The BGEPA incidental take permitting program has frustrated both developers and operators due to, among other things, uncertainty of costs, timing, and outcomes. Recently, developers choosing to obtain an eagle “incidental take permit” for activities such as wind energy development received some good news—the U.S. Fish and Wildlife Service (FWS) increased its bald eagle population estimates, which should create opportunities for additional wind development, or at least reduced regulation, in areas now deemed to have more bald eagles.

Under FWS’s current legal interpretation—which many legal minds reasonably dispute—BGEPA generally prohibits both intentional and incidental “take” (e.g., the injuring or killing) of bald and golden eagles. According to FWS, take is incidental when it is associated with, but not the purpose of, an activity (i.e., when take is accidental).

Despite these general prohibitions, BGPEA allows businesses to obtain incidental take permits that shield them from liability when they comply with the terms of those permits. These permits may be important for developers to obtain, particularly if projects are sited on federal land or financial backers require these permits as insurance against governmental enforcement demands.
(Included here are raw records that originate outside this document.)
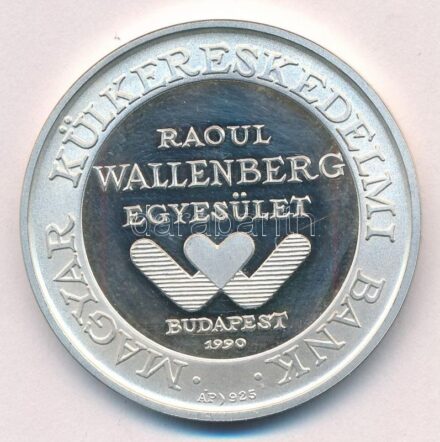 Lebó Ferenc (1960-) 1990. 'Magyar Külkereskedelmi Bank / Raoul Wallenberg Egyesület' Ag emlékérem (36.11g/0.925/42.5mm) tokban T:1- (PP) kis patina, karcos alapfelület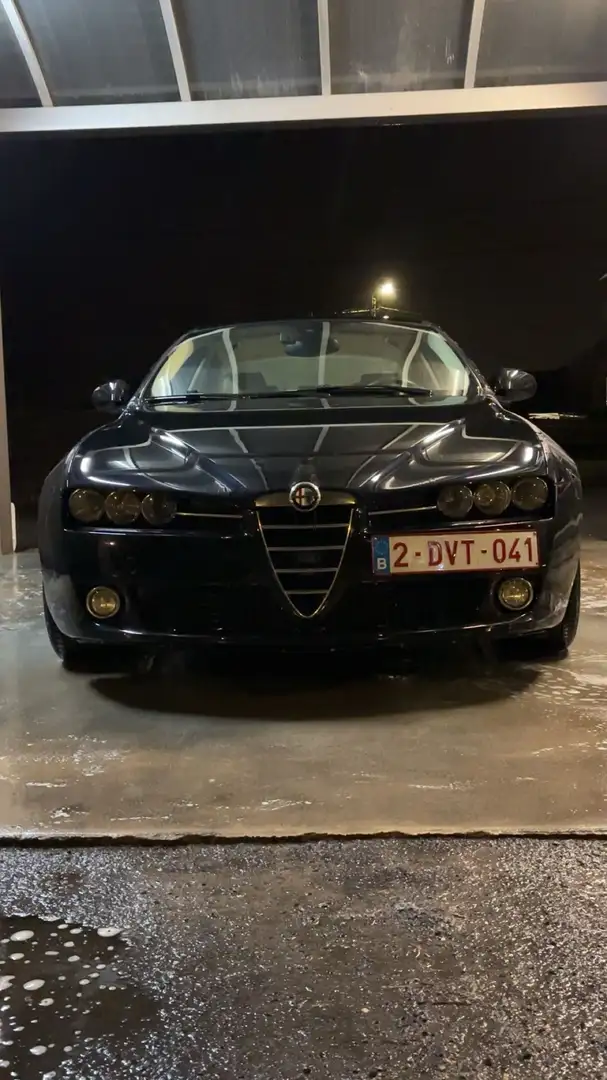 Alfa Romeo 159 Sportwagon 1.9 JTDM 8V DPF Distinctive Schwarz - 1
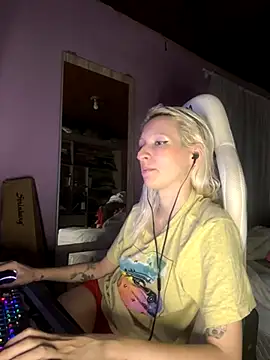 bunnydark00 online show from 11/19/25, 01:16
One Comment for “Bald Eagle ‘Takings’: Biden’s Interior Department Protects Big Wind”


  1. John W. Garrett  

    There is a very real probability that Russia has been funding Greenpeace, the Sierra Club, the Natural Resources Defense Council, Extinction Rebellion, 350.org for many, many years— along with the delusion fools of the MacArthur Foundation, the Ford Foundation, the Rockefeller Brothers, the David and Lucille Packard Foundation, the Park Foundation, et al.